61. 61 A method for the modification of the nucleic acid encoding human survivin (SEQ ID NO: 14), characterized in that it comprises contacting the nucleic acid molecule encoding human survivin with the compound according to any of claims 1-54. nucleic acid molecule encoding human survivin is thereby modified.
62. 62. The method according to claim 61, wherein the modification is characterized in that it unfolds the nucleic acid molecule encoding human survivin.
63. 63. A method for inhibiting the expression of survivin in cells or tissues, characterized in that it comprises contacting the cells or tissues with the compound according to any of claims 1-54.
64. 64. A method for treating a condition associated with the expression or overexpression of survivin, characterized in that it comprises administering to an animal, particularly a human, an effective amount of a compound according to any of claims 1-54.
65. 65. The method according to claim 64, characterized in that the condition is cancer.
66. 66. The method according to claim 65, characterized in that the cancer is selected from the group consisting of hepatocellular cancer, breast cancer, colon cancer, prostate cancer, lung cancer, bladder cancer, ovarian cancer, cancer renal, glioblastoma, pancreatic cancer and non-Hodgkin's lymphoma.

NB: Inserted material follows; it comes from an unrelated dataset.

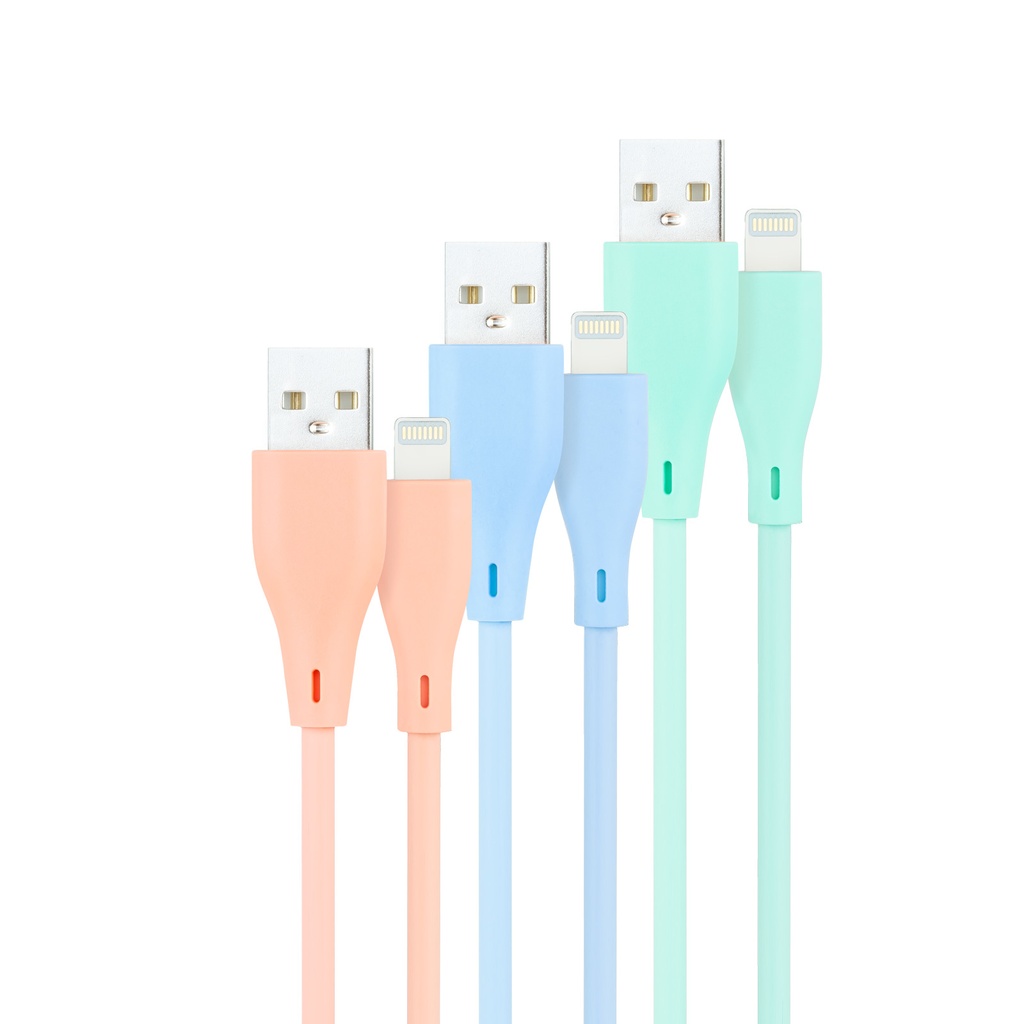 [10.10.0401-A1] 3 Cables Lightning a USB 2.0, Lightning/M-USB A/M, Rosa, Azul y Verde, 1 m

67. 67. A single-stranded RNAi oligonucleotide of 8 to 80 nucleobases in length, characterized in that it hybridizes specifically to the nucleic acid molecule encoding human survivin (SEQ ID NO: 14) and inhibits the expression of the nucleic acid molecule encoding human survivin by acting through the antisense mechanism of RNAi.
68. 68. The single-stranded RNAi oligonucleotide according to claim 67, characterized in that it is from 19 to 23 nucleobases in length.
69. 69. The single-stranded RNAi oligonucleotide according to claim 68, characterized in that it is an antisense RNA.
70. 70. The single-stranded RNAi oligonucleotide according to claim 67, characterized in that it is chemically modified.
71. 71 The single-stranded RNAi oligonucleotide according to claim 70, characterized in that the modification is to the nucleobase, sugar or internucleoside binding.